JACKSONVILLE – Let's get to it … John from Jacksonville:
Cheery-O! The Jags were a Super Bowl team last season. Yes, a couple of plays cost us winning the actual AFC Championship Game – but play it again, and we win and get in. A huge dose of luck that got us in the final four of the NFL was the lack of key injuries to our starters (especially the defense). I don't think we can expect this good fortune two seasons in a row. It will be interesting to see how our new roster and our depth of the roster will fare this coming season through the adversity of injuries. Of course, wishing all the players "iron-man" health. By the way, hoping you don't get injured this season as well.
John: The Jaguars' health indeed was notable last season; I'm not sure I've covered a season when one unit of a team was as injury-free as the Jaguars' defense was last season – and I've certainly never covered a unit that was as good/healthy as the 2017 Jaguars defense. The offense also avoided "catastrophic," season-ending injuries with the obvious exception of wide receiver Allen Robinson being lost for the season on the first series of Week 1. The football gods smiled on the Jaguars after that. The gods aren't always so kind, but teams make the playoffs and win Super Bowls all the time with injured players – even key injured players. The Philadelphia Eagles won one this past season without their starting quarterback, Carson Wentz, who also was an NFL Most Valuable Player candidate. Good teams overcome a few injuries at a few spots. We'll probably get a chance to see just how good – and resilient – the Jaguars are on that front next season. And by the way, I will get injured. Because that's how it is.
Paul from Jacksonville:
Shadrick moved the soft-serve machine to his office, didn't he?
John: Shh.
Daniel from Jersey City, NJ:
O-man, sometimes I think you talk about base and nickel situations because anytime someone says "base and nickel situations" you can follow it up with basically anything and nobody will know what the base and nickel situation you are talking about!?
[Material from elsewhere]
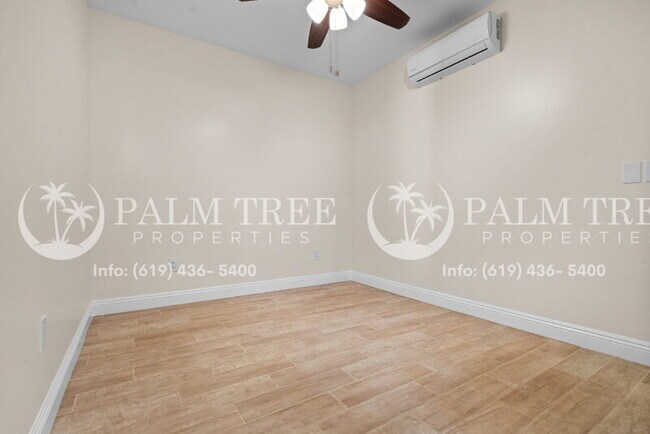 Building Photo - 1811 Greenfield Dr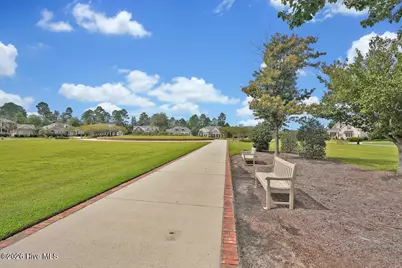 5089 Saltgrass Cove, Leland, NC 28451 - Photo 129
John: I'm not above using terminology to fool people. I'm not even above using words I don't understand in an effort to get done faster; the latter is actually one of the areas in which I often draw praise in performance appraisals. But in this case, I actually just refer to base and nickel situations because they're the easiest way to explain how certain players will be used. It's important to clarify, for example, that linebacker Myles Jack played in base and nickel in 2017 and only in base as a rookie because he technically started both seasons. He played a far more extensive role in 2017 because he played in both base and nickel situations. To call him a starter both seasons would be accurate but would miss the distinction. I suppose I could write out that explanation every time I use the terms, but that would lean strongly against my tendency to get done faster, so nah.
Jeff from Jacksonville:
You ever fell there are so many topics talked ad nauseam that even the ad nauseum is ad nauseam?
John: No, but I do know I get tired of being so tired of my own act.
Andy from Roswell, GA:
Wait, I'm confused. Did Tom Brady hold the Patriots back from winning the Super Bowl? I guess Nick Foles is the only quarterback who didn't hold his team back. I just don't get the hate on Bortles. Yes, he can improve. But we don't make the playoffs or advance without him. Now I'm unhappy. Thanks.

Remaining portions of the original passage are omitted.